The Central Bank of Ghana (BoG) has once again won praise from other countries for its innovative strategy, as seen by the speed with which it quickly implemented a regulatory sandbox for start-ups.
Miishe Addy, Co-founder and CEO of the e-logistics start-up Jetstream, spoke on a panel during the Africa CEO Forum (ACF) Annual Summit in Abidjan, Côte d’Ivoire. She applauded the BoG for taking the initiative to introduce the sandbox and cited it as a crucial tool for fostering innovation.
“One of the tools needed to push innovation and harness emerging technology is a regulatory and innovation sandbox, and the Bank of Ghana has shown immense ambition in this regard.”Miishe Addy
Following a successful pilot, the BoG launched its Regulatory and Innovation Sandbox on August 19, 2022, aiming to create a favourable regulatory environment for innovation and financial inclusion, by providing a controlled environment for testing innovative financial products and business models under regulatory supervision.
The regulatory sandbox was opened to the first cohort of participants from February 13, 2023 to March 14, 2023. Eligible participants included various financial institutions and fintech start-ups.
According to Mrs. Addy, as Ghana and the rest of the continent continue to position themselves as a hub for technology and innovation, fostering a supportive ecosystem for tech talent and expanding access will be vital steps in achieving its ambitious goals.
Ghana Urged To Create A Continual Flow Of Tech Talent To Foster Innovation, Propel Economic Development
The Jetstream chief also emphasized on how crucial it is for Ghana to build a steady stream of tech talent in order to promote innovation and spur economic progress. Miishe Addy compared it to the dynamic partnership between Silicon Valley, home to tech giants like Apple, Google, Microsoft, Tesla, and Linkedin, and Stanford University in the United States.
According to government data, the top five tech companies’ market capitalization at the tech Mecca currently exceeds US$6 trillion, and their GDP in 2019 was US$275 billion.
Ms. Addy, whose business raised US$13 million in equity and debt pre-Series A financing earlier this year, emphasized the importance of infrastructure growth and educational policy in fostering Ghana’s expanding technology sector.
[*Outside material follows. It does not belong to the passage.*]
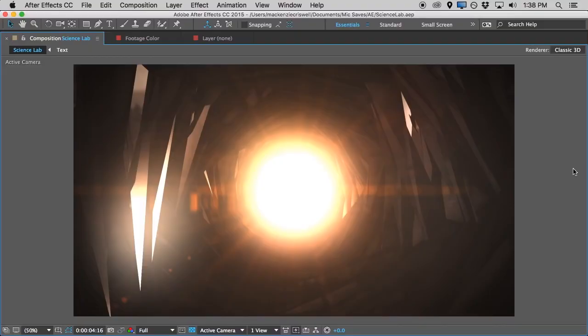Hi and welcome to another Motion Mile After Effects tutorial. It's McKenzie Criswell here and today we've got another great motion graphic design to take a look at.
She emphasized that the nation is home to a number of recently founded colleges, including Ashesi and Academic City, both of which are under 20 years old. However, she said that these colleges encountered substantial difficulties in acquiring accreditation.
To meet the requirements, Mrs. Addy disclosed that they had to affiliate with existing universities – resulting in delays when introducing critical courses such as artificial intelligence (AI). This delay meant that many students who graduated during this period missed out on the opportunity to study AI, a crucial field for future entrepreneurship and job opportunities.
“One of our engineers came from one of these universities, and he told me that it took them four years to get an artificial intelligence course approved.”Miishe Addy
The start-up founder addressed the issue by highlighting the significance of educational policies that encourage innovation and give students the tools they need for future success.
“By introducing courses in emerging technologies like AI, blockchain and data science, educational institutions can ensure that graduates are well-prepared for demands of the evolving job market.
“Encouraging and empowering young students to pursue these fields will help create a pool of talented individuals who can drive Ghana’s technological advancement and contribute to the growth of local companies.”Miishe Addy
Despite the fact that today’s world is increasingly digital, a sizeable section of the population still lacks access to affordable and dependable Internet service.